TN 0082: Gaps in the magnitude histogram

Michael Richmond
April 8, 2002

Keywords: photometry

Tom Droege recently raised a question concerning some Mark IV data he had reduced with my pipeline: ``Why are there gaps in the distribution of magnitudes?'' The figure below explicates his concern; it plots calibrated magnitude for one set of Mark IV data on the y-axis versus time (or image index number) on the x-axis.

Each vertical column of dots represents the measured magnitudes of stars in a single image. Note the horizontal features in the diagram at small magnitudes: they represent ``gaps'' of magnitude values, values which no star have. Why should they be present? And why should they appear in image after image?

As Tom wrote:

> The mag distribution for a single frame is suspicious.  
> There are blank spots common from frame to frame.

I believe I know the explanation. The reason the blank spots appear is ... because there are no stars with those magnitude values.

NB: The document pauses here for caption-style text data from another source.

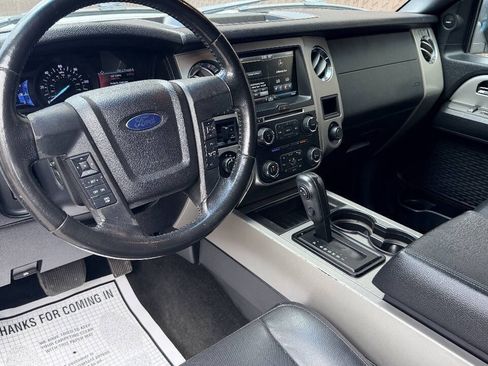 Used 2015 Ford Expedition XLT w/ Equipment Group 202A AWD/4WD image 10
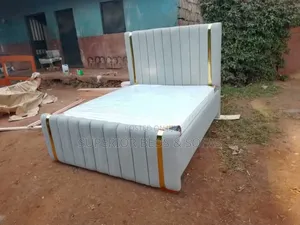 Ice Grey Gold Trim Bed Size 5 by 6
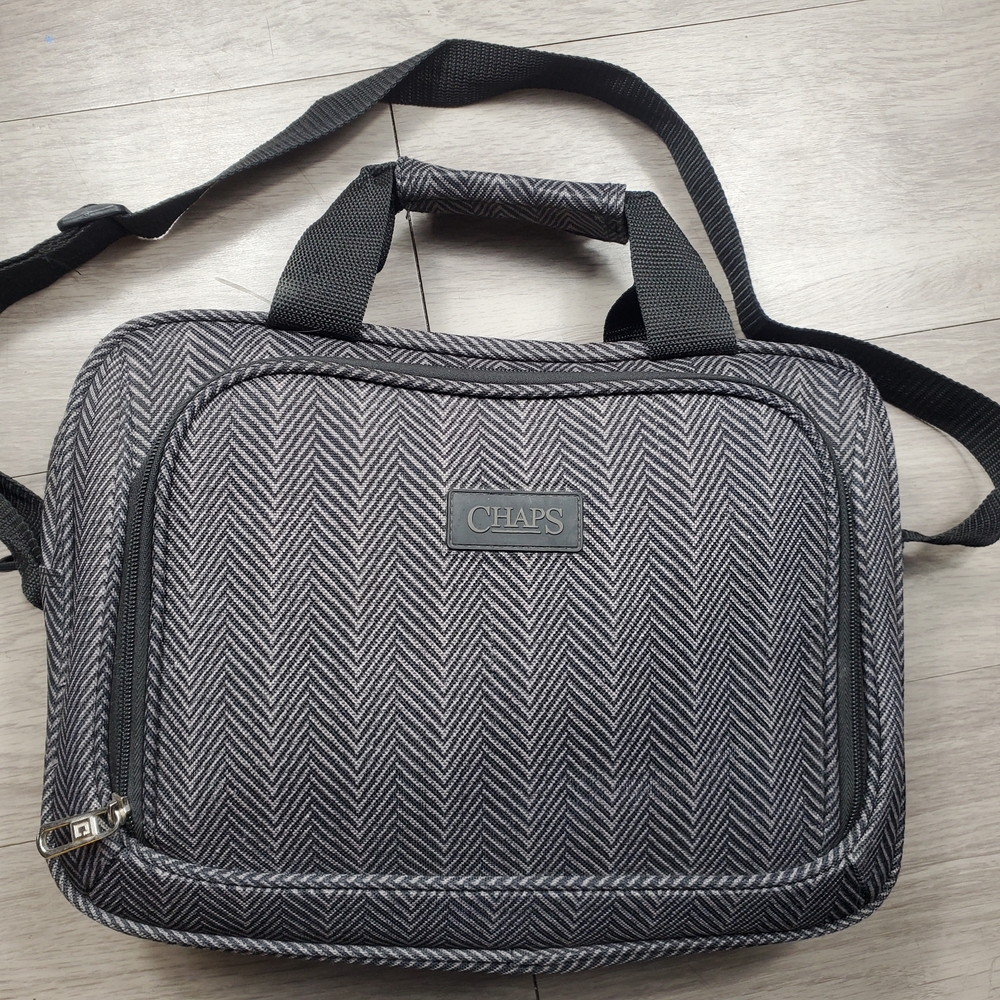 CHAPS Men's Gray Herringbone Crossbody Bag Travel Laptop Bag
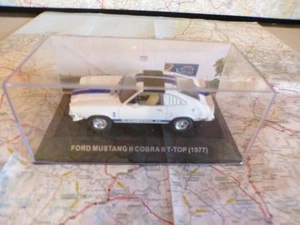 Ford Mustang 2 Cobra 2 T-Top 1977 blanche American Cars 1/43 IXO pour Altaya - Picture 1 of 1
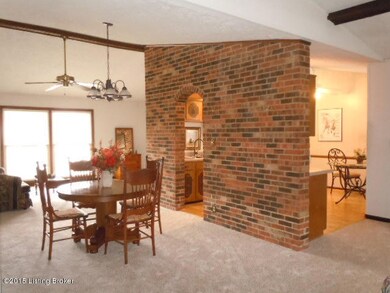 7413 Duchess Dr, Louisville, KY 40228 - photo 6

No, really! In each frame, the pipeline detects between 1000 and 3000 stars. Most of the stars are faint, with magnitudes close to the plate limit. Only a few stars appear between, say, magnitude 7 and magnitude 10. If one makes a histogram of the observed distribution of magnitudes, counting the number of stars in bins of width, say, 0.05 mag, then there will be many bins at bright magnitudes which are empty. At fainter magnitudes, no bins will be empty, but the number of stars in each bin will be small enough that small-number statistics will cause large relative variations in number from bin to bin. Near the plate limit, the number of stars in each bin will be large, which reduces the relative size of the variations from bin to bin.

One way to look at it is like this: consider a single bin of some width in magnitudes. If the number of stars in that bin is a small number, then if we look at another area of the sky, we should see another small number. The two numbers probably won't be exactly the same, since there are random statistical variations in the exact number of stars in some little patch of the sky within a particular range of magnitudes. If the number of stars in the bin is drawn from a random distribution (probably a Poisson distribution) with some mean value N, then the number will fluctuate from sample to sample with a standard deviation sqrt(N).

When N is small, then the relative size of the fluctuations is large:

                       sqrt(N)
         N = 36        -------  =  1/6
                          N
That means we expect to see fluctuations from one bin to the next which look big compared to the value in each bin. A histogram of magnitude values would look "jagged".

On the other hand, when N is large, the relative size of the fluctuations is small:

                       sqrt(N)
         N = 3600      -------  =  1/60
                          N
In this case, the fluctuations from one bin to the next should look small. A histogram of the magnitude values would look "smooth".

Below are three graphs showing magnitude histograms of

The real data consist of measurements of 1584 stars in a single frame. The simulations have identical underlying populations of stars, but contain a different number of observed stars.

  1. 1500 stars
  2. 15,000 stars
  3. 150,000 stars

I've offset the real and simulated values so that they don't overlap; it's easier to compare them that way.

Simulated measurements of 1500 stars.

Simulated measurements of 15,000 stars.

Simulated measurements of 150,000 stars.

As you can see, the more distinct stars which one "observes", the smoother the magnitude histogram. The "jaggedness" of the real Mark IV histogram is similar to that of the simulation containing 1500 stars.

Now, you may notice that the two histograms have overall shapes which don't match very well at the faint end: the number of stars actually observed falls gradually over a span of about 2 magnitudes, while the simulated histogram has a very sharp edge at the faint end. That's a consequence of the simple nature of the simulation:

The sharp edge represents the fact that no stars were placed more than a certain distance from the Earth, and so none are fainter than a particular value.

In real life, stars have a range of absolute luminosities. In addition, stars are distributed to VERY large distances away from the Earth, but any particular instrument will only detect those above a certain limiting brightness. In fact, stars near this limit will sometimes be detected, but other times be missed: the probability of detecting a star near the limit decreases as it approaches the limit. Thus, a real histogram of magnitudes will always show a gradual decrease from its peak.

The bottom line is that a set of a few thousand stars will contain very few bright ones, so we should expect to see gaps and large relative variations from bin to bin in a histogram of magnitudes.

Now, one may look at Tom's plot again:

and ask, "But why should gaps appear at the SAME magnitudes for a whole bunch of frames?" The answer is (I hope!) that the frames Tom reduced all show the SAME FIELD. Therefore, although there are tens of thousands of measurements of magnitudes in the pipeline's .cal output file, they represent only a few thousand distinct stars. If the pipeline does its job properly, it will yield very nearly the same magnitudes for each star in each frame. Gaps should appear in a plot like Tom's, if one is analyzing a set of "follow frames" of the same field over and over again.